REQUIRED ACTION: I need an exact copy of the lines from the one containing "15 Chisholm Close, Kariong NSW 2250" through the end of the records, without any pictures.

DATASET CONTENT:
---

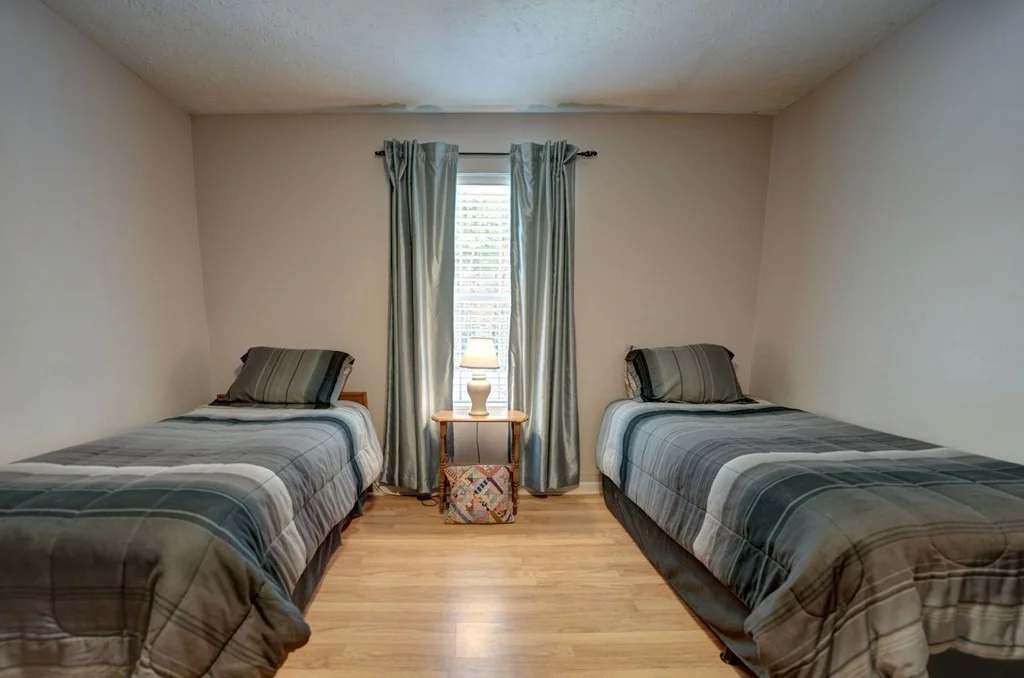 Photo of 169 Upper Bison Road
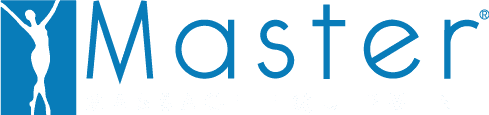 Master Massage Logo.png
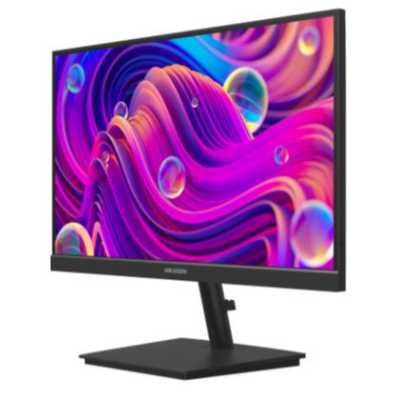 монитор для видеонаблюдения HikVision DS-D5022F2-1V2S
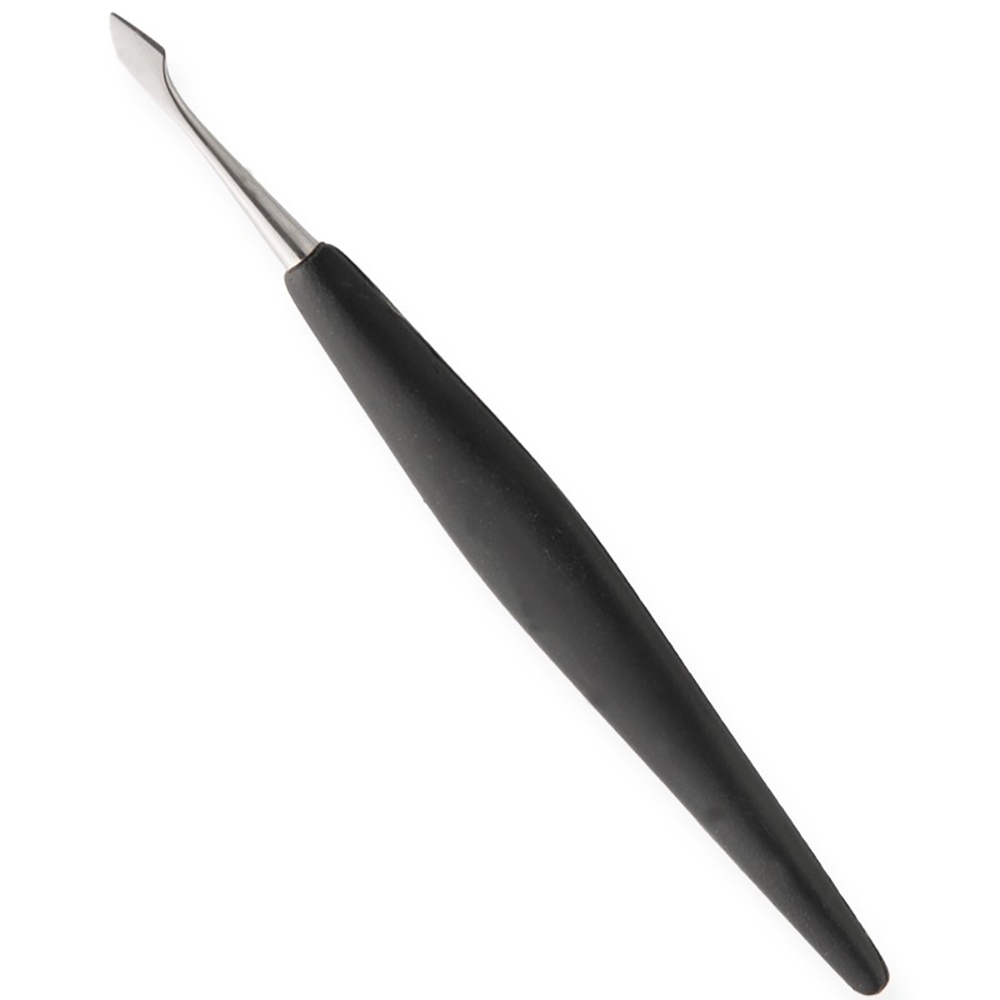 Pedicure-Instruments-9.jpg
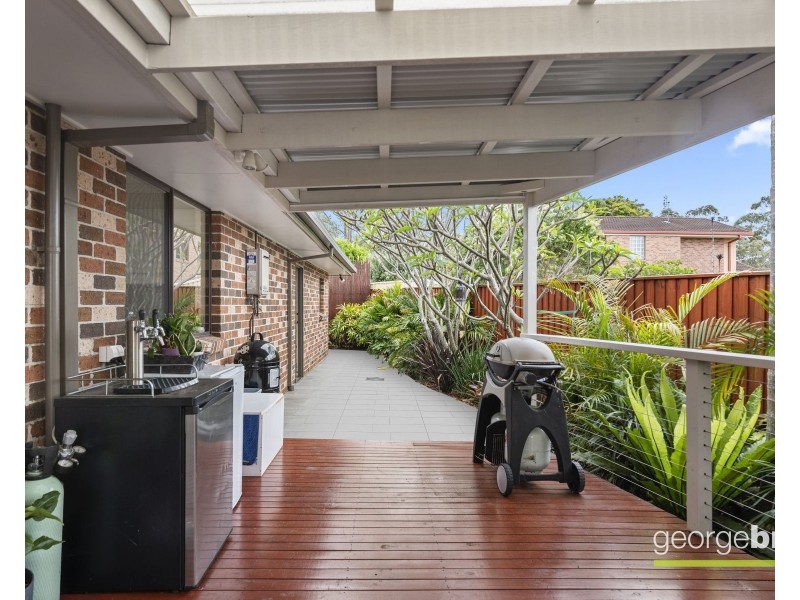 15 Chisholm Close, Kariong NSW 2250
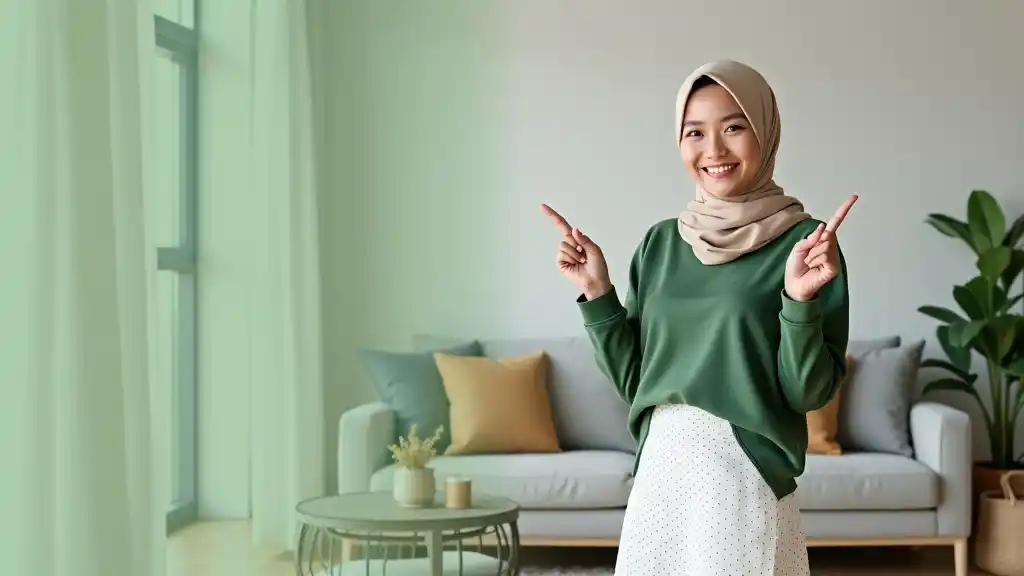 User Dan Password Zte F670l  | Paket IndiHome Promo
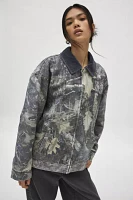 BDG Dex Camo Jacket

---

RESPONSE TO THIS TASK:
 15 Chisholm Close, Kariong NSW 2250
 User Dan Password Zte F670l  | Paket IndiHome Promo
 BDG Dex Camo Jacket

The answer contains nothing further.